Sun Cluster 3.0-3.1 Hardware Administration Manual for Solaris OS

Chapter 9 Recabling and Replacing Disk Devices

This chapter contains the procedures for recabling and replacing disk devices. This chapter provides the following procedures.

Replacing a Failed Boot Disk

This section contains the procedure about how to replace a failed boot disk.

How to Replace a Failed Boot Disk in a Running Cluster

Use this procedure to replace a failed boot disk that is mirrored and that is on a node in a running cluster. Use this procedure for both Solstice DiskSuite/Solaris Volume Manager and VERITAS Volume Manager. This procedure also assumes that one mirror is available. This procedure defines Node N as the node on which you are replacing the failed boot disk.

If you do not have a mirror that is available, see your Sun Cluster system administration documentation to restore data on the boot disk.

Is Node N up and running?
- If no, skip to Step 5
- If yes, proceed to Step 2

Is your disk drive hot-pluggable?
- If yes, skip to Step 5
- If no, proceed to Step 3

Determine the resource groups and device groups running on Node N.

Record this information because you use this information in Step 6 of this procedure to return resource groups and device groups to these nodes.
# scstat
For more information, see your Sun Cluster system administration documentation.

Move all resource groups and device groups off Node N.
# scswitch -S -h from-node
For more information, see your Sun Cluster system administration documentation.

Replace the failed boot disk by using the procedure that is outlined in your volume manager documentation.

For more information, see your Solstice DiskSuite/Solaris Volume Manager or VERITAS Volume Manager documentation. For the procedure about how to replace a boot disk, see Recovering From Boot Problems in Solaris Volume Manager Administration Guide.

If you moved all resource groups and device groups off Node N in Step 4, return the resource groups and device groups that you identified in Step 3 to Node N.
# scswitch -z -g resource-group -h nodename # scswitch -z -D device-group-name -h nodename
For more information, see your Sun Cluster system administration documentation.

Moving a Disk Cable

You can move a disk cable to a different host adapter on the same bus because of a failed host adapter. However, the best solution is to replace the failed host adapter rather than recable the disk cable to a different host adapter. You might want to move a disk cable to a different host adapter on the same bus to improve performance.

This section provides the following two procedures for moving a disk cable.

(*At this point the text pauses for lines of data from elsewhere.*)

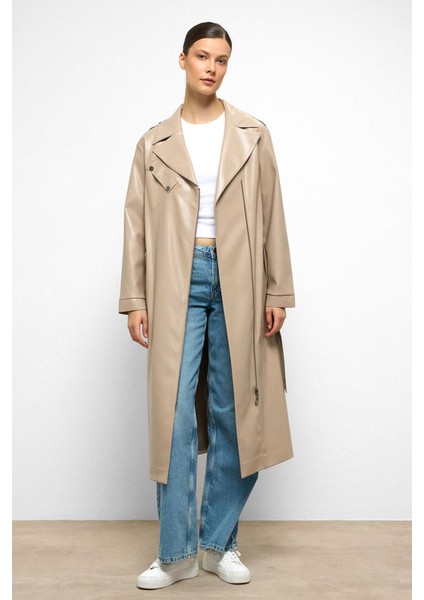 Düşük Kol Fermuar Kapamalı Oversize Deri Trençkot Taş 6759 indirimleri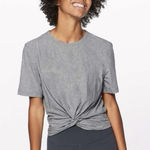 Lululemon  Crescent Tee Heathered Medium Grey Twist-Front Knot Crop Size 6 Small Photo 0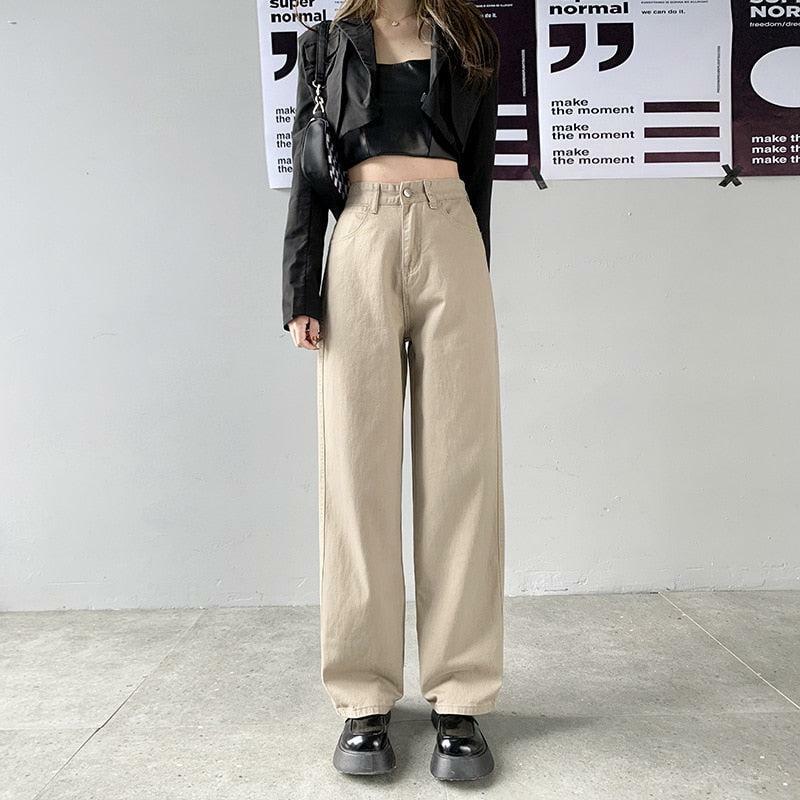 Y2K High Waist Denim Pants for Retro Summer Outfits and Grunge Style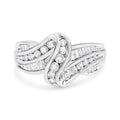 10K White Gold Ring 3/4 Cttw Round and Baguette-Cut Diamond Bypass Ring (H-I Color, I2-I3 Clarity) - Size 6 by Bids.com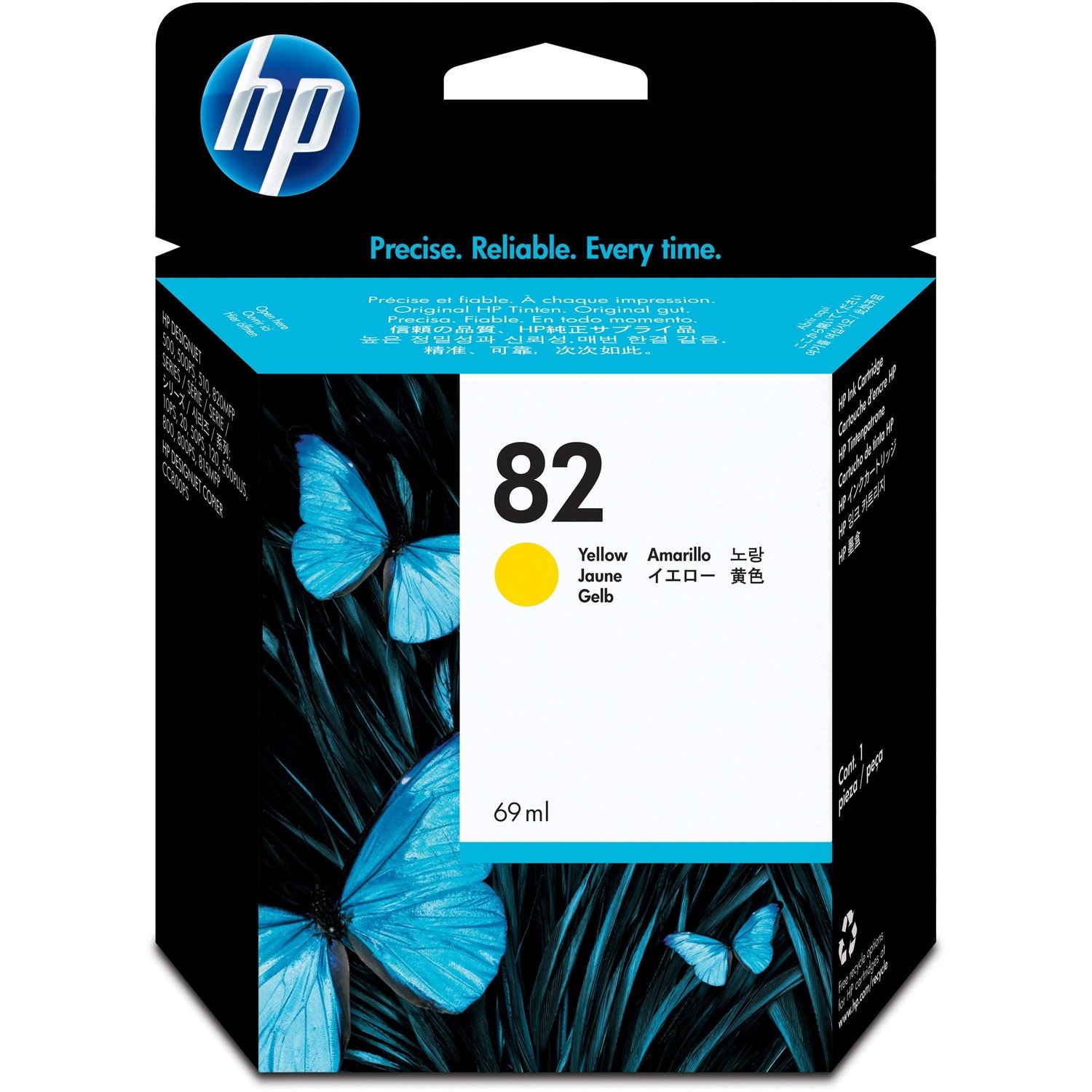 HP 82 Original Inkjet Ink Cartridge - Yellow - 1 Each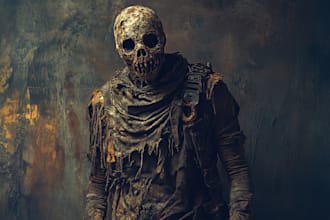 create a fantasy horror character art with amazing quality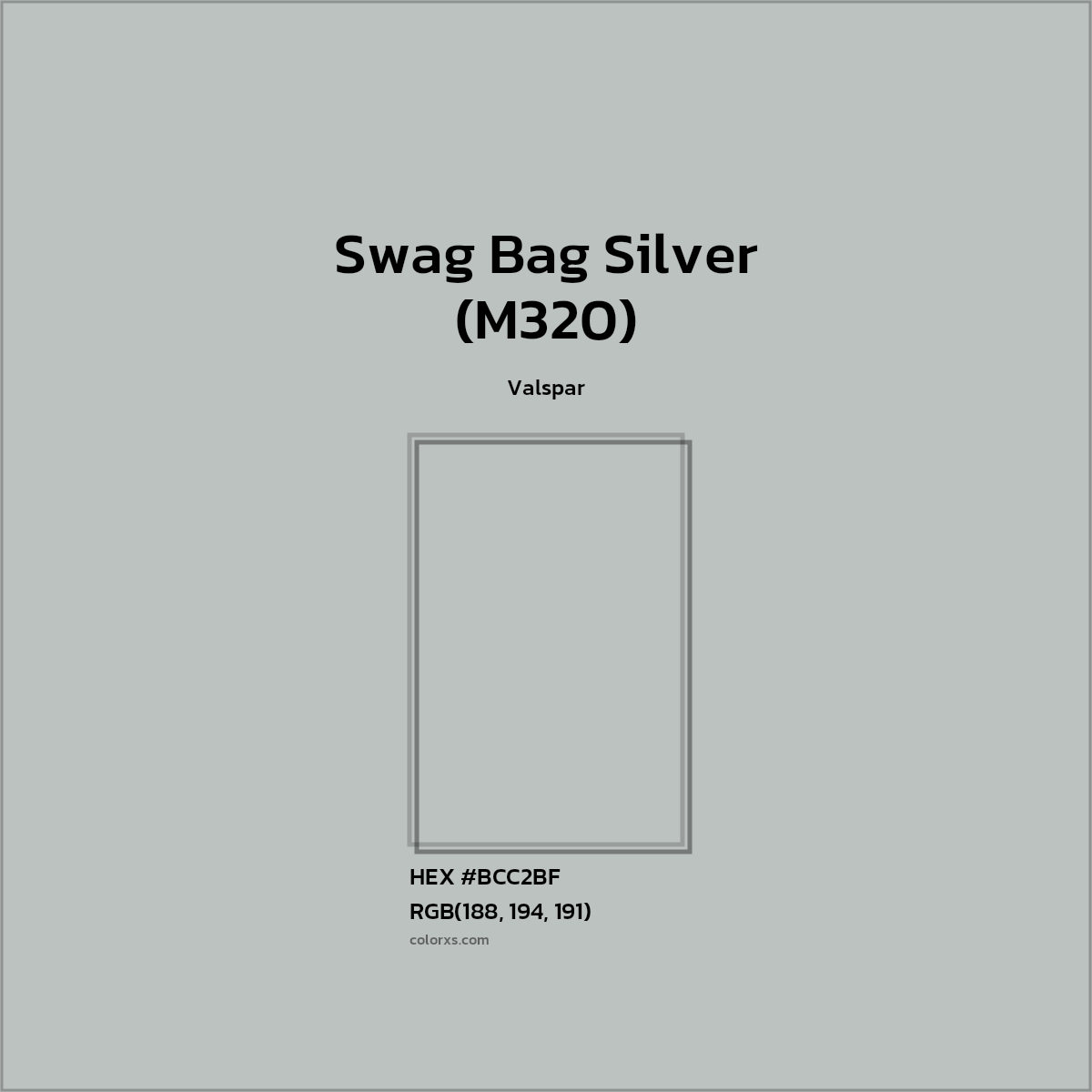 #BCC2BF Swag Bag Silver (M320) Paint Valspar - Color codes and meaning | Matching colors and paints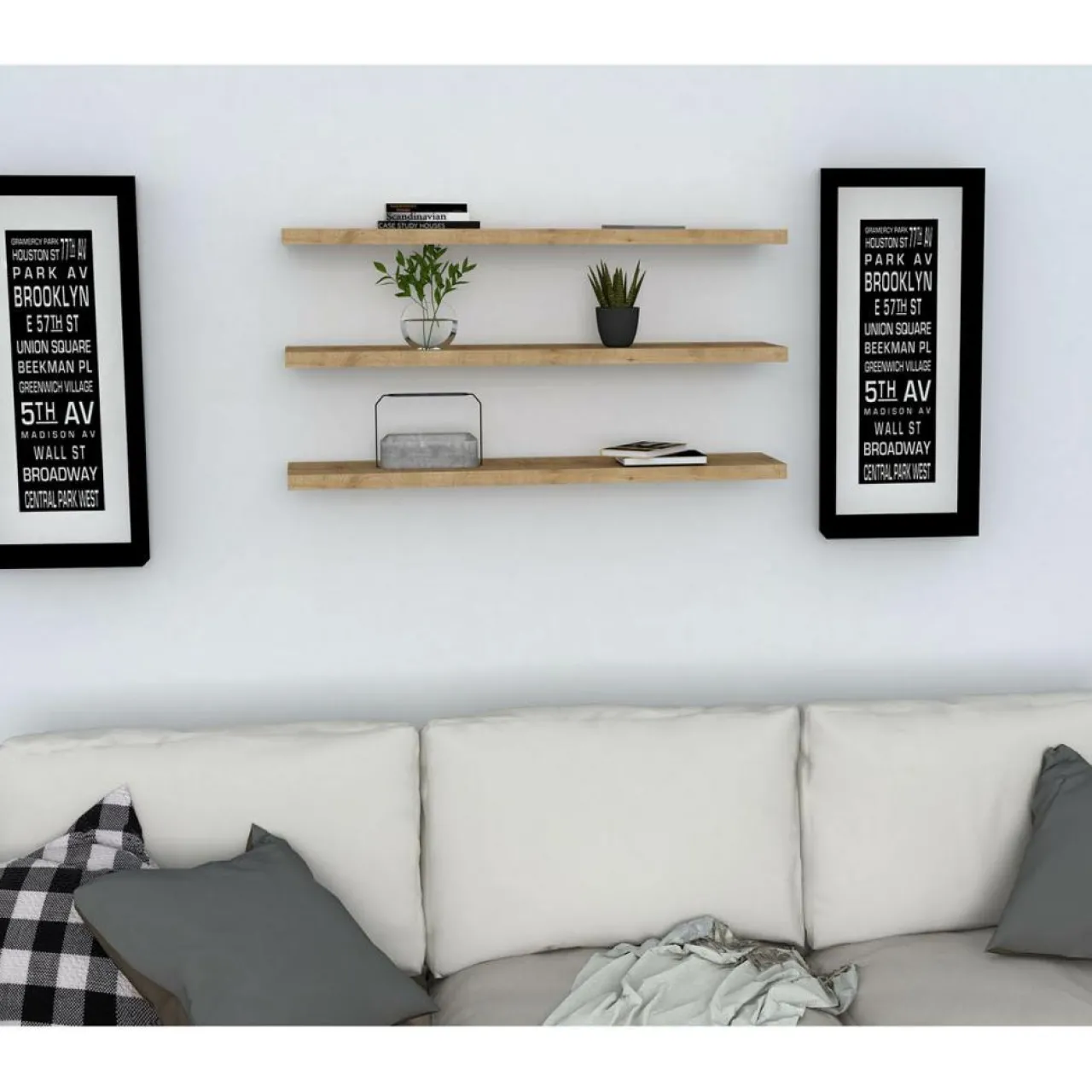 3 Etagères murales Boss saphir - 60x1.8x14.5 cm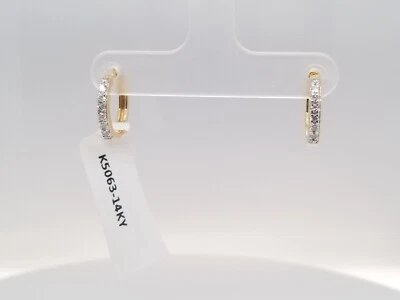 0.20 Carat (Ctw) 18K Rose Gold Round Cut White Diamond Ladies Huggies Hoop Earri - Image 1 of 3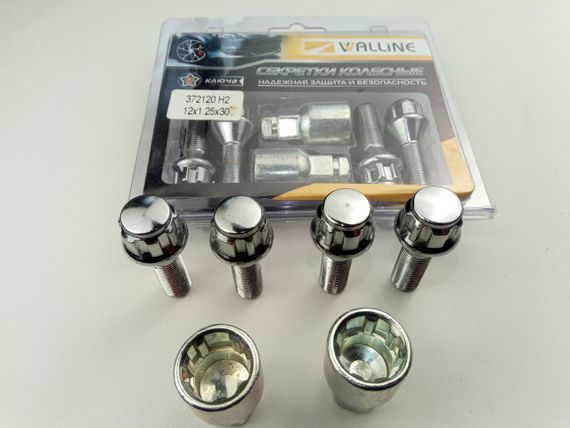 Болти секретні М12х30х1,25, Walline (372120 Н2) наруг./хром/конус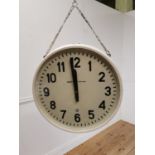 Vintage clock { 46cm H X 17cm Dia }.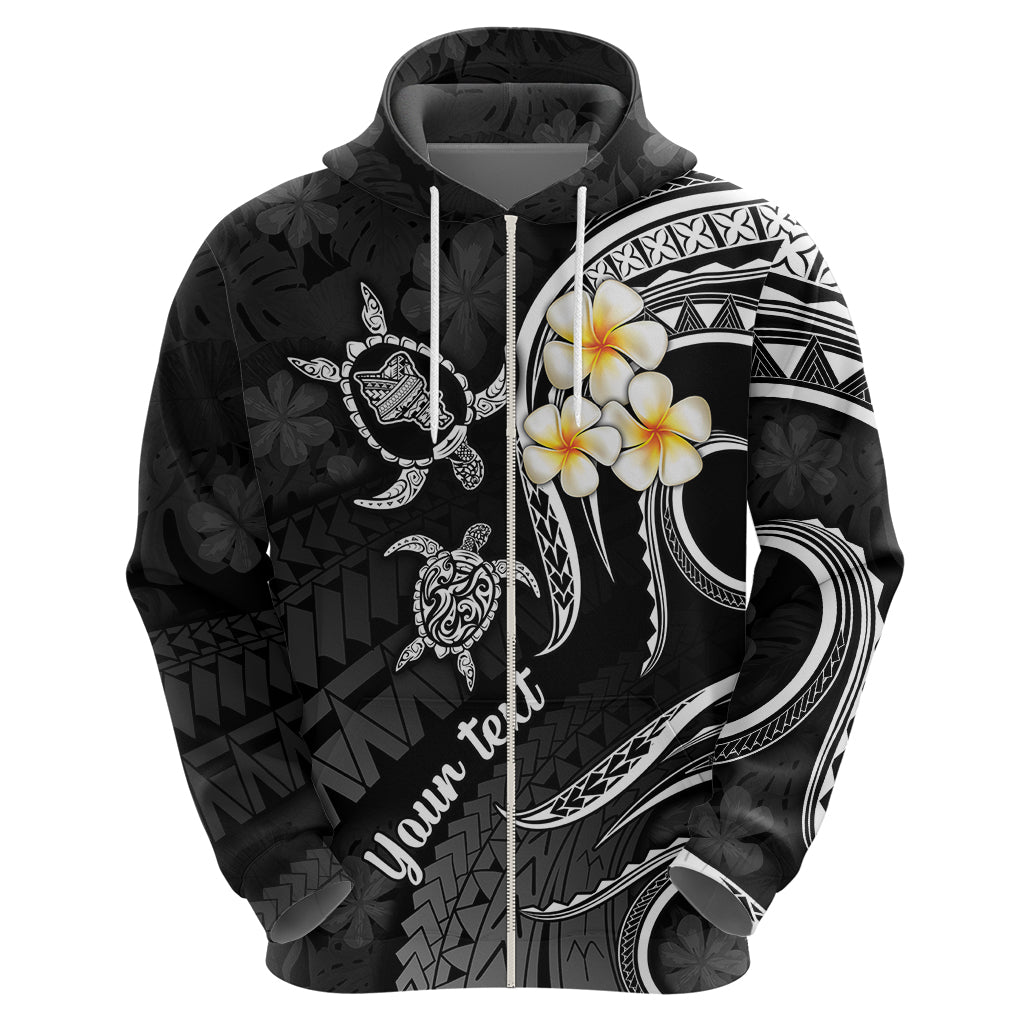 Personalised Oahu Hawaii Hoodie Polynesian Tattoo and Pacific Plumeria White Vibe LT9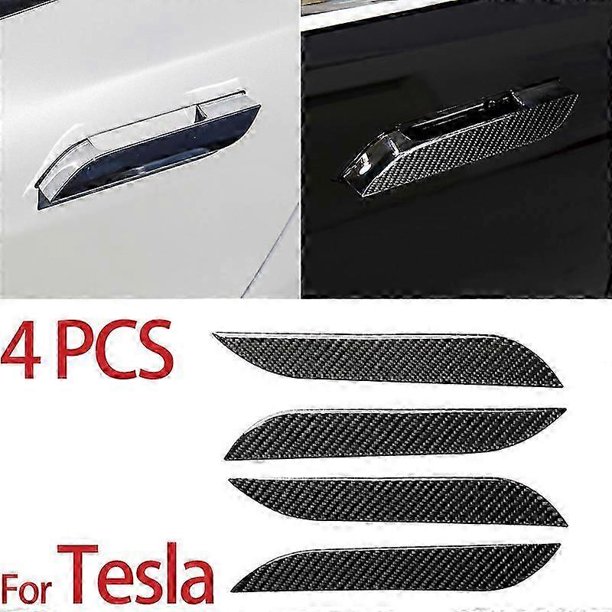 4 Pcs Carbon Fiber Car Exterior Door Handle Cover For Tesla Model S Trim Car Door Handle Protector Sticker Premium Durable
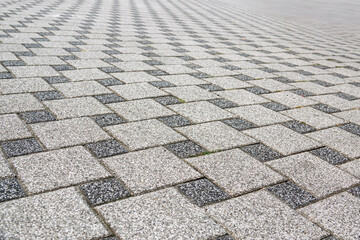 Detailed view of patterned paving stones arranged in a geometric design in a public area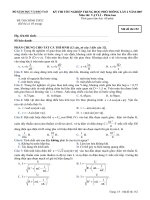 Đề thi tốt nghiệp THPT Quốc Gia môn Vật lí PB 2006-2007 lần 2 mã đề 152 - Học Toàn Tập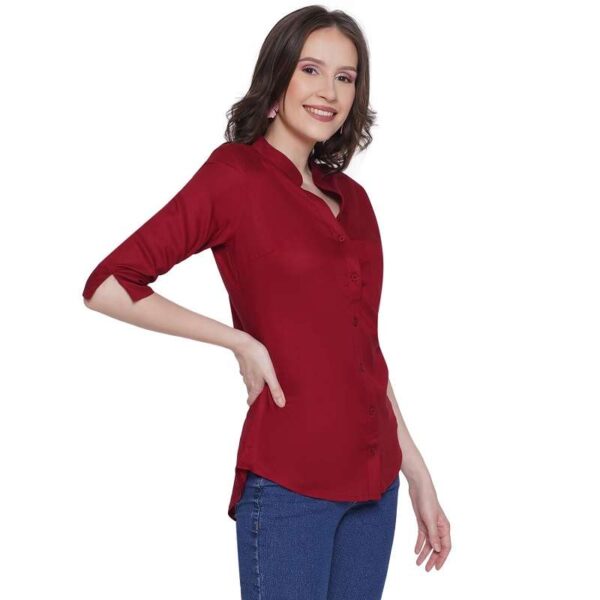 Women's Rayon 3/4th Sleeve Solid Casual Shirt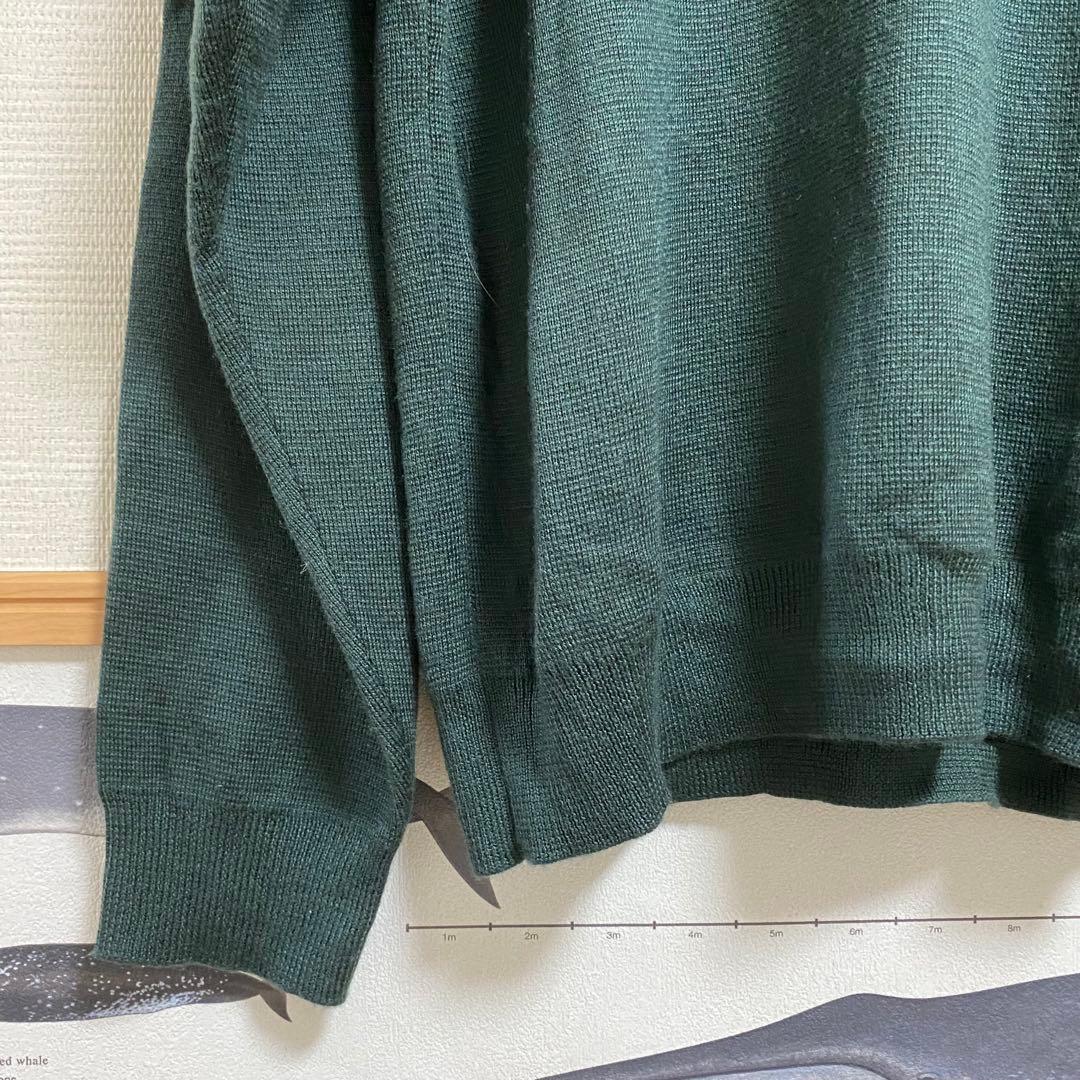 ナノユニバース Vネックニット タスマニアミックス 深緑 Lサイズ — image 5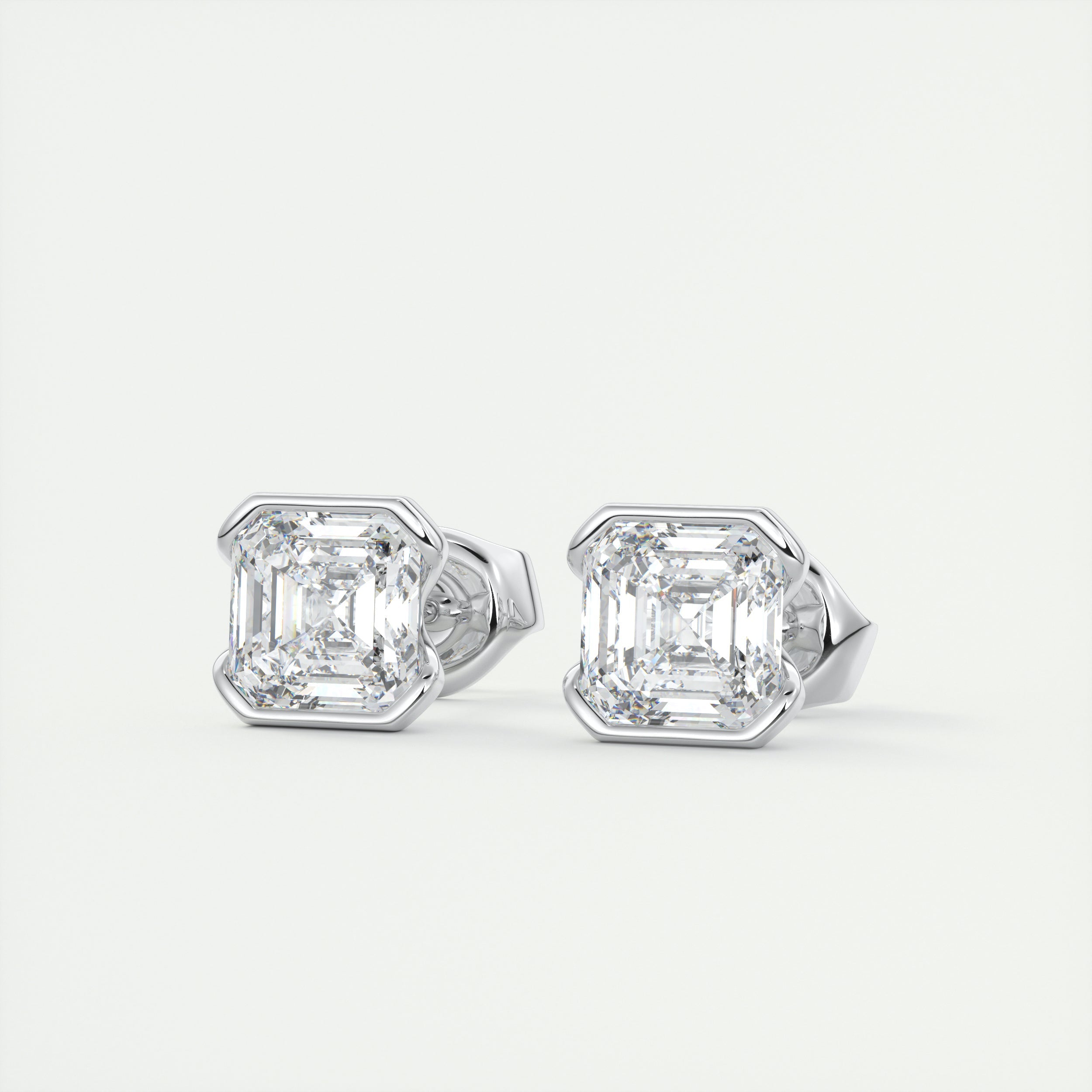 1.0CT Half Bezel Asscher Solitaire D-VVS Lab Grown Diamond Earrings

Use one of these two procedures to prevent interference with normal operation of your cluster when you want to move a disk cable to a different host adapter on the same bus. If you do not follow these procedures correctly, you might see an error the next time you run the scdidadm -r command or the scgdevs command. If you see an error message that says did reconfiguration discovered invalid diskpath, go to How to Update Sun Cluster Software to Reflect Proper Device Configuration.

How to Move a Disk Cable to a New Host Adapter

Use this procedure to move a disk cable to a new host adapter within a node.

Caution –

Failure to follow this cabling procedure might introduce invalid device IDs and render the devices inaccessible.

Stop all I/O to the affected disk(s).

For more information, see your Solstice DiskSuite/Solaris Volume Manager or VERITAS Volume Manager documentation.

Unplug the cable from the old host adapter.

From the local node, unconfigure all drives that are affected by the recabling.
# cfgadm
Or reboot the local node.
# reboot -- -r

From the local node, update the Solaris device link.
# devfsadm -C

From the local node, update the device ID path.
# scdidadm -C

Connect the cable to the new host adapter.

From the local node, configure the drives in the new location.
# cfgadm
Or reboot the local node.
# reboot -- -r

Add the new device ID path.
# scgdevs

Troubleshooting

If you did not follow this procedure correctly, you might see an error the next time you run the scdidadm -r command or the scgdevs command. If you see an error message that says did reconfiguration discovered invalid diskpath, go to How to Update Sun Cluster Software to Reflect Proper Device Configuration.

How to Move a Disk Cable From One Node to Another Node

Use this procedure to move a disk cable from one node to another node.

Caution –

Failure to follow this cabling procedure might introduce invalid device IDs and render the devices inaccessible.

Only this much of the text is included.